A highly-readable, myth-busting history of the Whitman Massacre—a pivotal event in the history of the American West—that includes the often-missing Native American point of view.

In 1836, Marcus and Narcissa Whitman, devout missionaries from upstate New York, established a Presbyterian mission on Cayuse Indian land near what is now the fashionable wine capital of Walla Walla, Washington. Eleven years later, a group of Cayuses killed the Whitmans and eleven others in what became known as the Whitman Massacre. The attack led to a war of retaliation against the Cayuse; the extension of federal control over the present-day states of Washington, Oregon, Idaho, and parts of Montana and Wyoming; and martyrdom for the Whitmans. Today, however, the Whitmans are more likely to be demonized as colonizers than revered as heroes. 

In Unsettled Ground, historian and journalist Cassandra Tate takes a fresh look at the personalities, dynamics, disputes, social pressures, and shifting legacy of a pivotal event in the history of the American West.

“[Tate] tells the Cayuse’s side of the story with empathy and clarity . . . a meticulously researched book. The Seattle Times

Product Details

ISBN-13: 9781632172518
Publisher: Blue Star Press
Publication date: 11/17/2020
Sold by: Penguin Random House Publisher Services
Format: eBook
Pages: 340
Sales rank: 588,972
File size: 16 MB
Note: This product may take a few minutes to download.

About the Author

CASSANDRA TATE is a Seattle-based writer and editor.
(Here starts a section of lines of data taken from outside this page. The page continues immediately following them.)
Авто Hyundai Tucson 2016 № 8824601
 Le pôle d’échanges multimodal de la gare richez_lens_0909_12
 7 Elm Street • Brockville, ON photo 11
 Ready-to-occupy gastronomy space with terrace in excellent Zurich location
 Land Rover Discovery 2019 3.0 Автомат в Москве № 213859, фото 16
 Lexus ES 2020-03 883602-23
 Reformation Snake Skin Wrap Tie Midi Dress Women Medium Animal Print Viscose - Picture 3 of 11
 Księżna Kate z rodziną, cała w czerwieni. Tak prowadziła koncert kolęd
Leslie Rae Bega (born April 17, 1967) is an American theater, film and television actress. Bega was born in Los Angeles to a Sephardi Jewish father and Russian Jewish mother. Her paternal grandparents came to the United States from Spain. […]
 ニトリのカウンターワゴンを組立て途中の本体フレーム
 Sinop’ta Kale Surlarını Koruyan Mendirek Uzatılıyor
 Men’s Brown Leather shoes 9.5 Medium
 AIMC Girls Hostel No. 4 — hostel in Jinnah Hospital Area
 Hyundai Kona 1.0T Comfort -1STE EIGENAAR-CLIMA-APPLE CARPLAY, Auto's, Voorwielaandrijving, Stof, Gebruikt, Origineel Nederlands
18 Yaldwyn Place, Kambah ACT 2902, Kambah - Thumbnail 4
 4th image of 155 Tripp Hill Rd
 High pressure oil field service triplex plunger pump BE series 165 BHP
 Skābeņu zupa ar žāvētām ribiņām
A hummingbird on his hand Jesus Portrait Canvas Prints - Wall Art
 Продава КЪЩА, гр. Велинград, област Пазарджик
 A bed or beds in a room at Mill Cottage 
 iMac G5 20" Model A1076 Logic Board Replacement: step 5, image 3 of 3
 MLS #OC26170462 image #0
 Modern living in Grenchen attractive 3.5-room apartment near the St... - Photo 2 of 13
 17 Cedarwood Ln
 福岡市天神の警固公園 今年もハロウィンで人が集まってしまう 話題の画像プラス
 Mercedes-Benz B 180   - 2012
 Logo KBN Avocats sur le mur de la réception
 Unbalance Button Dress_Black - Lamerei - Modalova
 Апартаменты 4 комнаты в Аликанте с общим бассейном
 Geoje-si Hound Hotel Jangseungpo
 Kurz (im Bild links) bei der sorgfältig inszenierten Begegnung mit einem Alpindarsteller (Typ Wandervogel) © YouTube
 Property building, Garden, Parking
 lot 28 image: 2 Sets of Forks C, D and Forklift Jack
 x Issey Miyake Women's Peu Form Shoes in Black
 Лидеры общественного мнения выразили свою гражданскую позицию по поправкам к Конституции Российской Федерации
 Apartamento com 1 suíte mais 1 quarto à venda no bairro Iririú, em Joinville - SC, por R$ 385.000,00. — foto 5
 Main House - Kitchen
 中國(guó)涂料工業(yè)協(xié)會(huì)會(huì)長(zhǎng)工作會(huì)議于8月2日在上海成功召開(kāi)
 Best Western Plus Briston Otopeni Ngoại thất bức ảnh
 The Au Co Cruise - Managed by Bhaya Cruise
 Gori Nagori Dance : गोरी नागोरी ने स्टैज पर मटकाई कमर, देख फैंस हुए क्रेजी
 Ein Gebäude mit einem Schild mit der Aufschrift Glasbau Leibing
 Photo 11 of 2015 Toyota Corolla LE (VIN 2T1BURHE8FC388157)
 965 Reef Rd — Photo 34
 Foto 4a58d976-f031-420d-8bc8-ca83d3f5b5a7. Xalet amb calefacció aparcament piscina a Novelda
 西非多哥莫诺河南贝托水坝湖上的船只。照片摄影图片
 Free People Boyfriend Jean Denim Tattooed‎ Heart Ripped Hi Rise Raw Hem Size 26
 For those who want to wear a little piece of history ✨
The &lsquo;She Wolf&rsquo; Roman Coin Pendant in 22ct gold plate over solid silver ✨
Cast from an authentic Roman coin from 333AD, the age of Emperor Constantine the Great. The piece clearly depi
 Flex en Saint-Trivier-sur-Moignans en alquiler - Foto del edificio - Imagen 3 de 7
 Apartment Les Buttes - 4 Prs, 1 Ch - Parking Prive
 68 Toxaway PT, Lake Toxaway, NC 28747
A former journalist, she earned a Ph.D in American history at the University of Washington in 1995. She is the author of Cigarette Wars: The Triumph of "The Little White Slaver." Her work has been published in Smithsonian, Columbia Journalism Review, and other national magazines, and she has contributed more than 200 articles to HistoryLink.org, the online encyclopedia of Washington State history. She is a former Nieman Fellow at Harvard University.

Read an Excerpt

Marcus Whitman was a Protestant missionary who might have been
only a historical footnote had not he, his wife Narcissa, and eleven
others been killed by Cayuse Indians during an attack on his mission
near present-day Walla Walla, Washington, in 1847. Instead, he
became one of the most memorialized figures in the Northwest. A
county, a college, a national forest, half a dozen public schools, and
numerous other enterprises—from an upscale hotel in Walla Walla to
a church in Des Moines—carry his name. The Washington legislature
once considered a measure to rename the iconic Mount Rainier in
his honor. His former mission is a National Historic Site. His statue
stands in the National Statuary Hall in the Capitol Building in
Washington, DC, nine feet of gleaming bronze on a seven-ton block
of polished granite, depicting a muscular, buckskin-clad frontiersman
with a ripped torso and linebacker thighs. He appears to be striding
resolutely along an unbroken trail, one foot higher than the other,
buckskin fringe and kerchief flying, a Bible in one hand, saddlebags
and a scroll in the other. His strong jaw is neatly bearded, his flowing
locks topped by a beaver-skin hat. If the National Statuary Hall had a
hunk contest, he’d be the winner, hands down.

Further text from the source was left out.